The News
Ukraine’s president Volodymyr Zelenskyy has set out on a diplomatic tour of Europe this week, after an anticipated summit of Western leaders was indefinitely postponed after US President Joe Biden said he could not attend due to Hurricane Milton.
Zelenskyy, who had been expected to present his “victory plan” at the gathering, is set to meet with the French, British, German, and Italian leaders, as well as the pope, this week, after meeting with senior officials from a dozen southeastern European countries on Wednesday.
The Ukrainian president has sought to convince allies to loosen restrictions on the use of Western weapons, ramp up support, and invite Ukraine into NATO.
SIGNALS
Allies sense Kyiv is preparing more ‘flexible approach’ to ending war
While Ukrainian officials continue to publicly demand a full withdrawal of Russian troops from their territory, Kyiv’s partners are seeing “a more flexible approach” emerge over how to end the war, Bloomberg reported. Growing concern that Europe’s fiscal constraints and the possibility that Donald Trump could limit US aid have led Kyiv and its allies to start to consider how a negotiated end to the conflict could be reached. There is growing talk of “how this ends and what Ukraine would have to give up in order to get a permanent peace deal,” a European diplomat told the Financial Times, noting such conversations would have been “taboo” just six months ago.
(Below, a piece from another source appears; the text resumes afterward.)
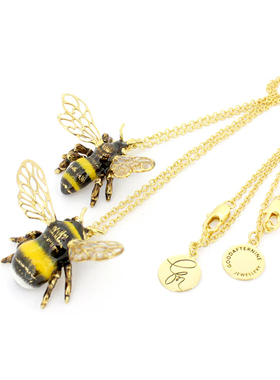 GOODAFTERNINE泰国设计师手工女王蜂王蜜蜂珐琅戒指耳钉项链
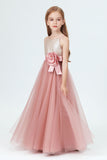 Spaghetti Strap Tulle Sequined Flower Girl Dress With Flower Bow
Zelenskyy leads renewed push for NATO membership
Zelenskyy said on Wednesday that a key part of his victory plan is a Ukrainian invitation into NATO, saying this would represent “real steps towards peace.” “Without geopolitical certainty, peace is impossible,” he said in a statement. But European and Western officials told Semafor that a NATO invitation remains unlikely, as Washington and Berlin are still reluctant to invite a country currently at war into the alliance. One European official said “I do not think Biden will move on this,” despite Kyiv’s push for more concrete security guarantees before Trump potentially returns to power. “If the US were to say yes, I cannot say that [Germany’s Chancellor Olaf] Scholz wouldn’t stand alone” against admitting Ukraine, a Western official told Semafor.